Wow, they've got just about every possible resolution there, eh? One thing they didn't put on the NV3 was support for the RAW or TIFF image formats, though I wouldn't really expect it.

Images are named SNV3####.JPG, where # = 0001 - 9999. The file numbering is maintained even if you replace and/or format memory cards.

Now, onto the menus!

The NV3 uses a rather unusual menu, that puts each item in a separate "tab", instead of having a single, hierarchical menu. If you've used other cameras then you may find that Samsung's system takes some getting used to, but it's fairly easy once you figure it out. Here are the options that you'll find in the full record mode menu:

  • Still size (see chart)
  • Movie size (720 x 480, 640 x 480, 320 x 240)
  • Still quality (see chart)
  • Movie frame rate (30, 20, 15 fps)
  • Metering (Multi, spot)
  • Shooting mode (Single, continuous, AE bracketing) - see below
  • Sharpness (Soft, normal, vivid) - why are they using the word 'vivid' to describe sharpness?
  • Autofocus (Center, multi)
  • OSD information (Full, basic, LCD save) - what is shown on the LCD in record mode; that last mode turns will put the camera to sleep if it's been idle for more than 30 seconds

The only thing that I want to talk about are the continuous and bracketing features. In the continuous shooting mode you can keep taking photos at a sluggish 0.9 frames/second until you run out of memory (a high speed card is really helpful here). The LCD is dark the entire time, which makes it impossible to track a moving subject.

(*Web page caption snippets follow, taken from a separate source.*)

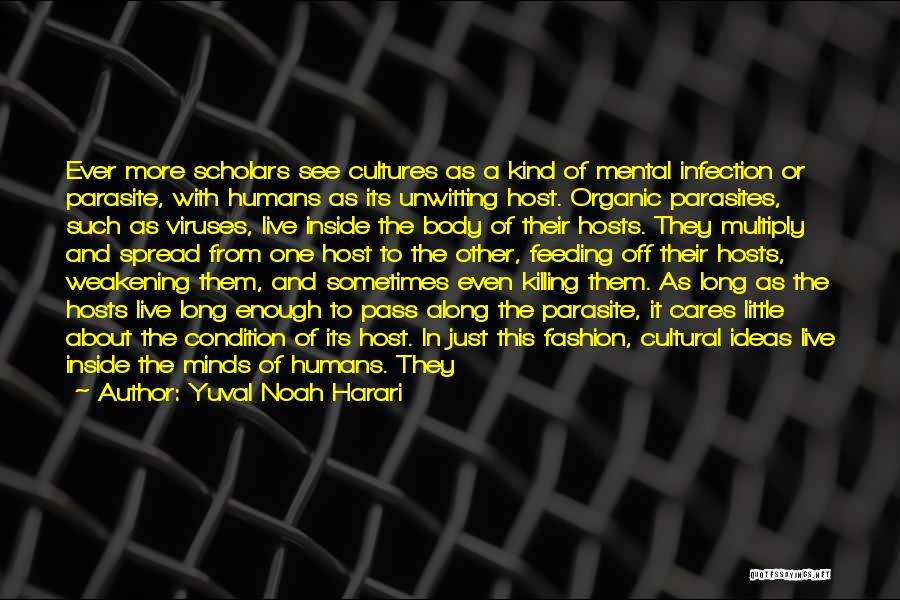 Yuval Noah Harari Quotes: Ever More Scholars See Cultures As A Kind Of Mental Infection Or Parasite, With Humans As Its Unwitting Host. Organic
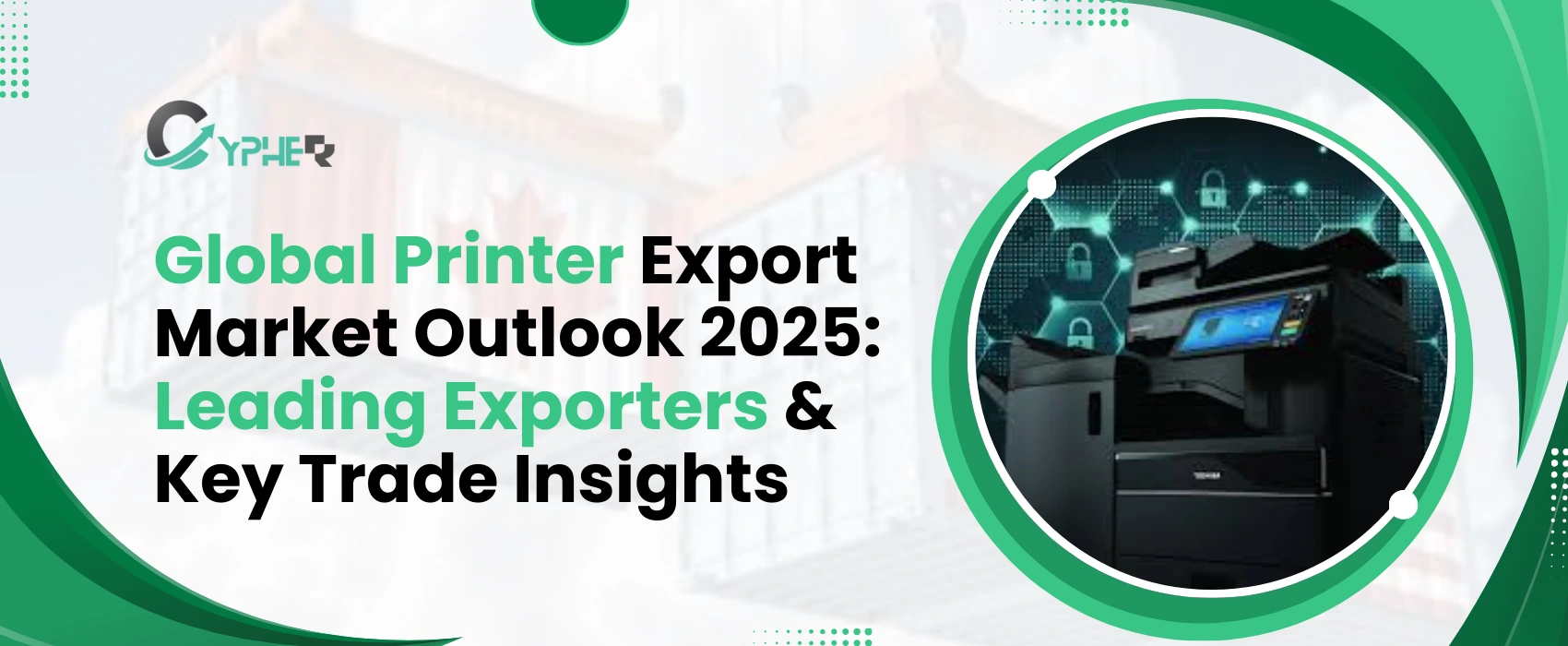 Global Printer Export Market Outlook 2025 Insights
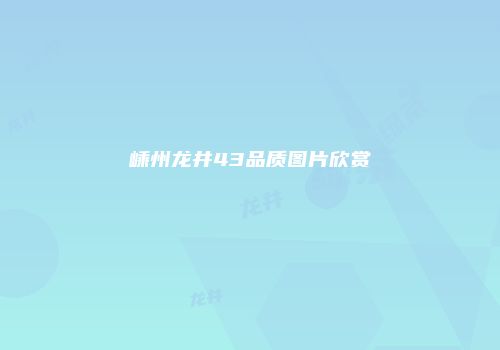 嵊州龙井43品质图片欣赏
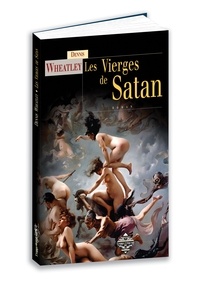 Dennis Wheatley - Les vierges de satan.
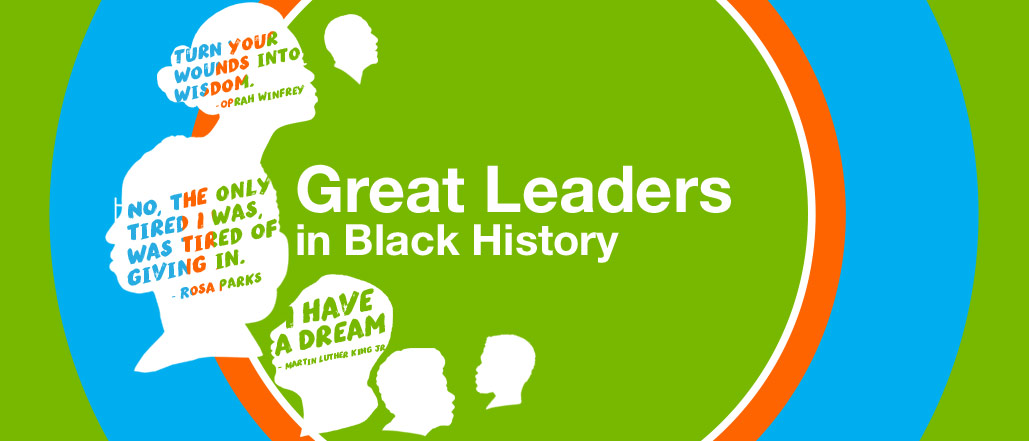 Great Leaders in Black History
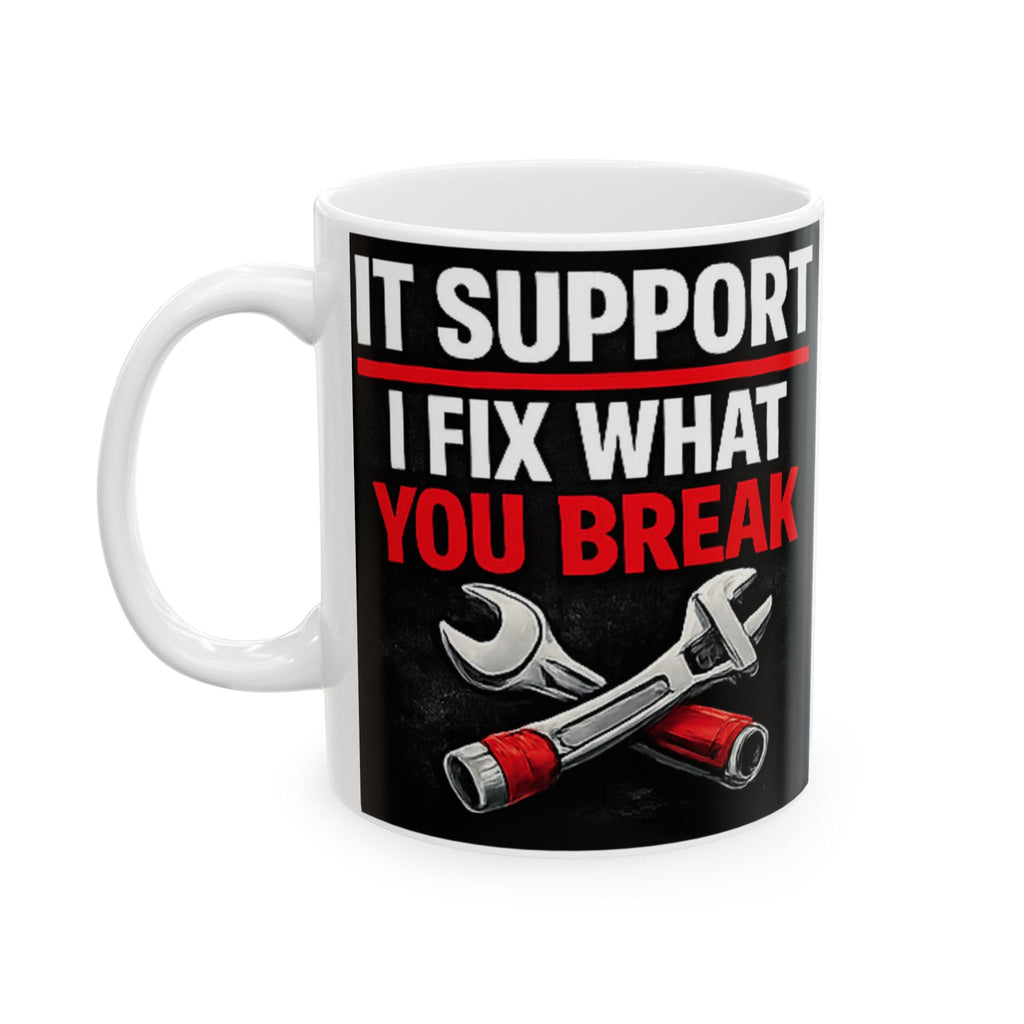 "IT Support: I Fix What You Break" Tech Humor Ceramic Mug, (11oz, 15oz)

The AE bracketing feature takes three photos in a row, each with a different exposure (-0.5EV, 0EV, +0.5EV). Using bracketing is a good way to ensure proper exposure in every shot -- though it'll take up a lot of space of your memory card.

The entire setup menu is shoved into a single tab in both the record and playback modes. The options here include:

  • File numbering (Series, reset)
  • Power off (1, 3, 5, 10 mins)
  • Language - way too many to list
  • Format (Internal memory or card)
  • Date & time (Set, format)
  • Date imprint (Off, date, date & time)
  • Sound (Off, low, medium, high)
  • USB (Computer, printer)
  • AF sound (on/off)
  • AF-assist lamp (on/off)
  • LCD (Dark, normal, bright)
  • Video out (NTSC, PAL)
  • Quick View (Off, 0.5, 1, 3 secs) - post-shot review
  • Reset - back to default settings

There is also a "My Cam" menu that lets you select the various beeps and blips that the camera makes.

Well enough about menus, let's do photo tests now.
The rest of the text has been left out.